Clinical Considerations
- Lysozyme may be particularly useful in patients taking ACE inhibitors, which can artificially lower ACE levels.
- The test is relatively inexpensive and widely available, making it practical for routine monitoring.
- Lysozyme levels typically decrease with successful treatment and disease remission, potentially helping clinicians assess treatment efficacy and guide management decisions, as suggested by the study 1.
From the Research
Lysozyme as a Marker of Active Sarcoidosis
- Lysozyme has been studied as a potential marker of active sarcoidosis in several research studies 2, 3, 4.

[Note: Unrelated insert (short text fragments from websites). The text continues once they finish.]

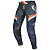 Scott Брюки 450 Podium blue/orange в Ульяновске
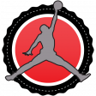 Yes, Your Airness Trophy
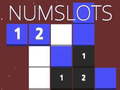 Spel Numslots online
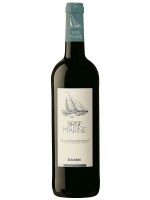 Vente en ligne et à Draguignan au meilleur prix de vin Brise Marine Rouge 2019. Domaine d’Estandon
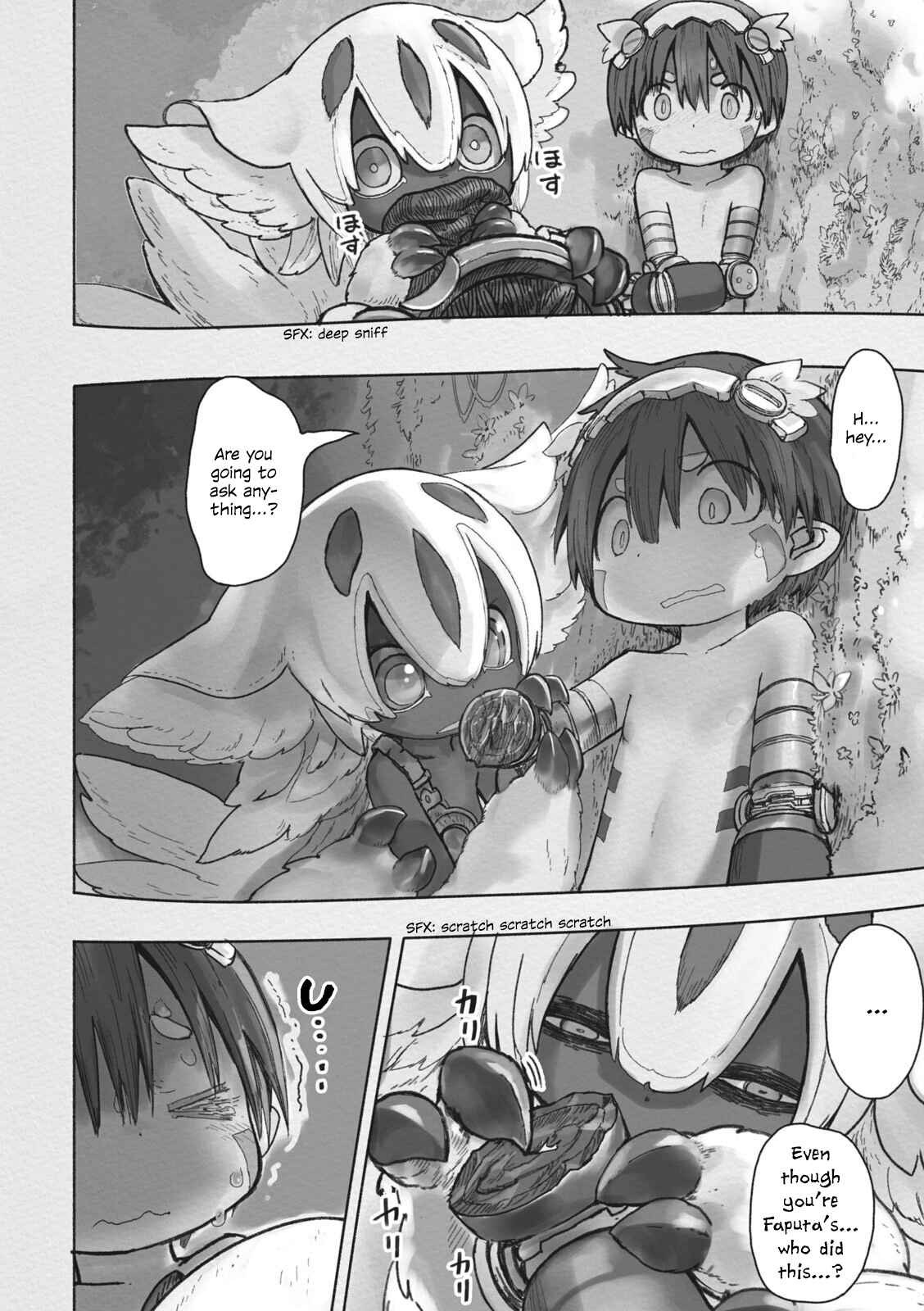 Chapter 42 - Page 16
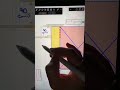 تحويل العامود إلى لمسه جماليه في المدخل تصميم داخلي ديكور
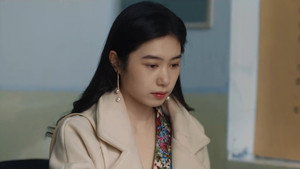 东北往事之大时代 1. évad Ep.36 36. epizód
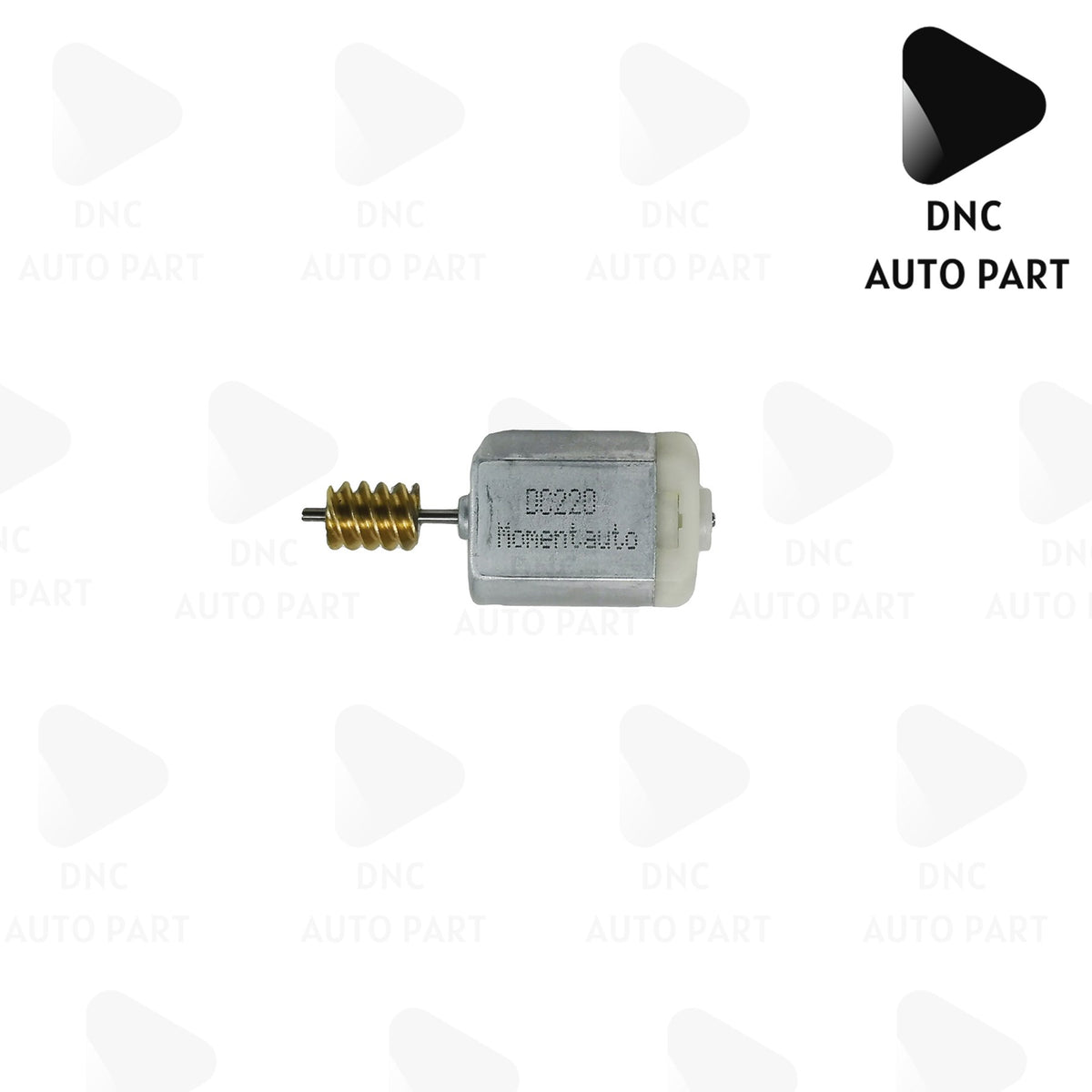 Ford Transit Connect için Kapı Kilit Motoru Dişlili 12V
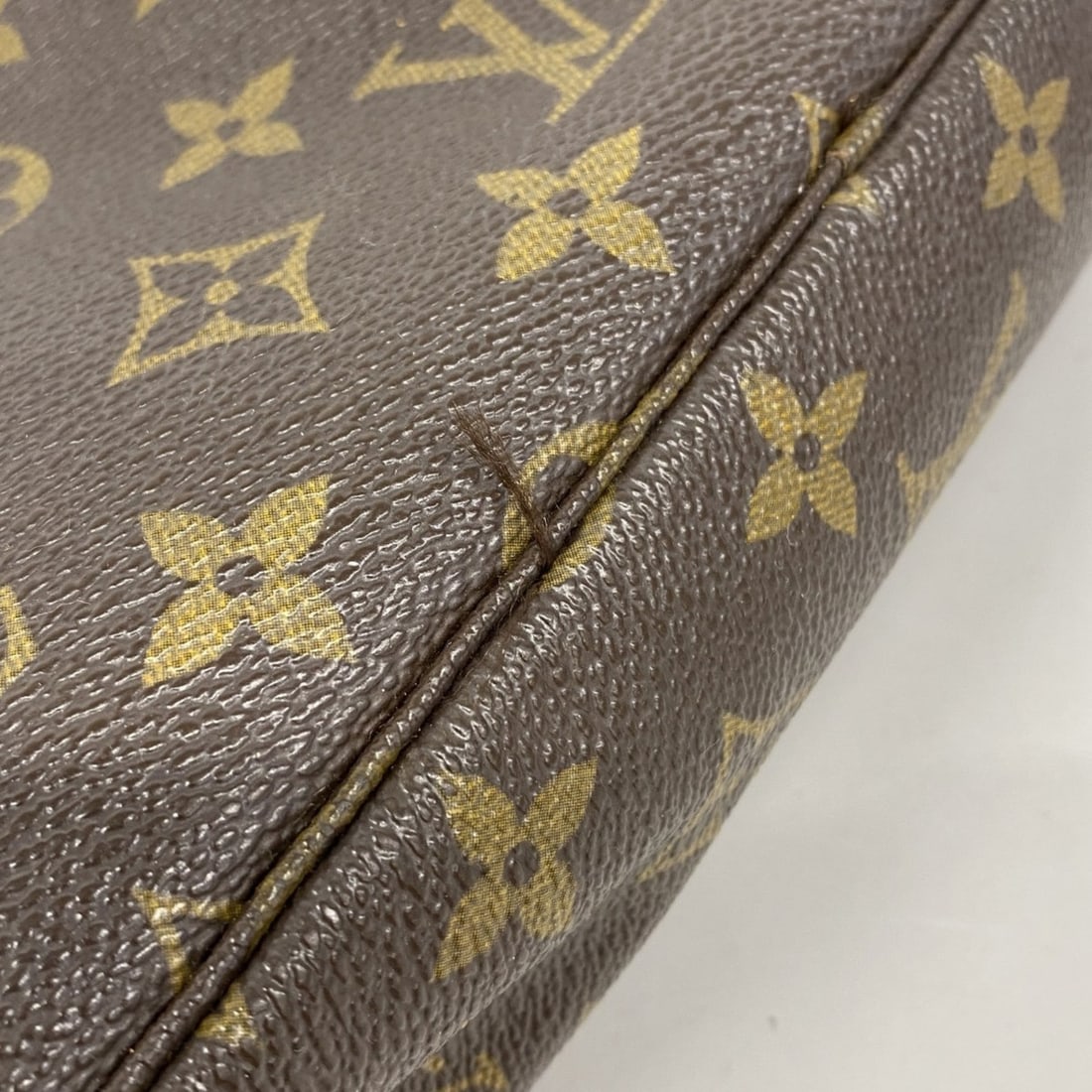 Cartier Mini Love Ring - 6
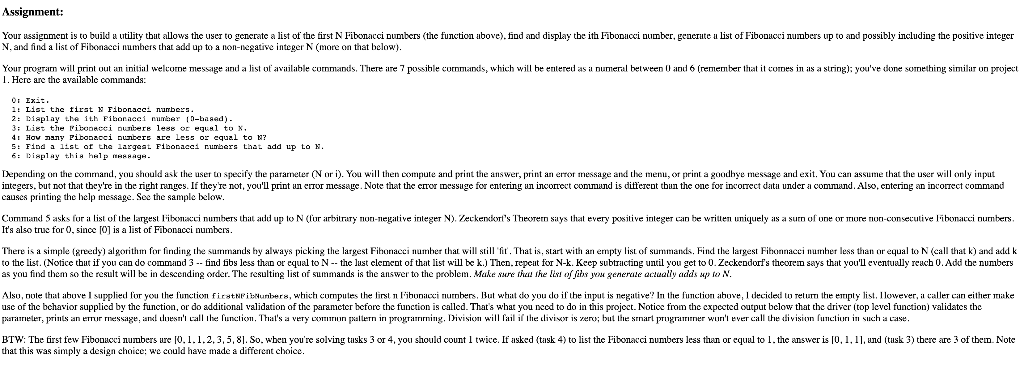Solved I need help with a python code. I am attaching my | Chegg.com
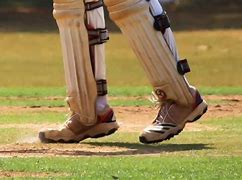 Image result for Ton Cricket Shoes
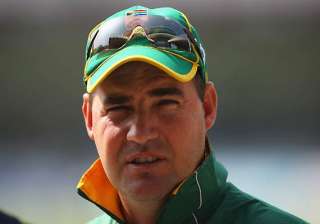 mickey arthur says will be interesting to see how... mickey arthur says will be interesting to see how...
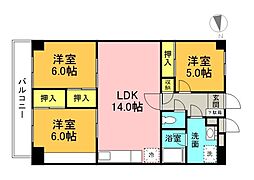 広島市中区大手町５丁目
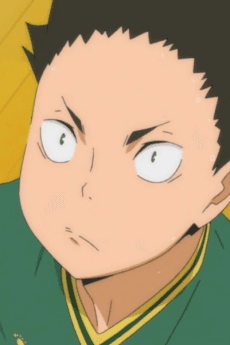 Taishi Minamida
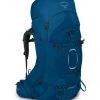 Budget ๐ Osprey Aether 65 Men's Backpacks & Duffels โจ 2 Osprey Aether 65 Men's Backpacks & Duffels
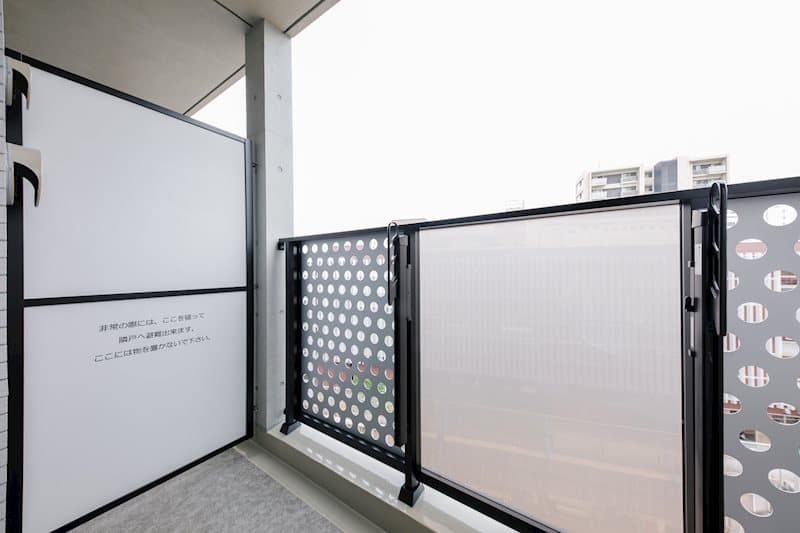Room image 9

- The sensitivity of lysozyme for predicting sarcoidosis was found to be 79.1% in one study, which is higher than that of serum angiotensin-converting enzyme (ACE) 2.
- Serum lysozyme levels have been shown to correlate with clinical features of sarcoidosis, such as the number of organs involved and radiographic stages 2, 3.
- Lysozyme levels have also been found to decrease with treatment and increase with disease progression, suggesting its potential use in monitoring disease activity 3, 4.
- However, the specificity of lysozyme for sarcoidosis is lower than that of ACE, which may limit its diagnostic value 2, 5.
- Other studies have compared lysozyme to other biomarkers, such as KL-6 and chitotriosidase, and found that it may be useful in combination with other markers for diagnosis and prognosis of sarcoidosis 6, 5.
Comparison with Other Biomarkers
- Lysozyme has been compared to other biomarkers, such as ACE, KL-6, and chitotriosidase, in terms of its sensitivity and specificity for sarcoidosis 6, 5.
- KL-6 has been found to be a reliable biomarker of fibrotic lung involvement in sarcoidosis patients, while chitotriosidase has been associated with extrapulmonary localizations 6.
- ACE and lysozyme may be more useful for discarding sarcoidosis due to their higher specificity, while other biomarkers such as sIL-2R, CRP, and SAA may be more useful for confirming the diagnosis 5.
Clinical Utility
- Lysozyme may be a useful marker for monitoring disease activity in patients with proven sarcoidosis, particularly in combination with other biomarkers 2, 3, 5.
- The clinical utility of lysozyme and other biomarkers may depend on the specific clinical context and the presence of other diagnostic markers 5.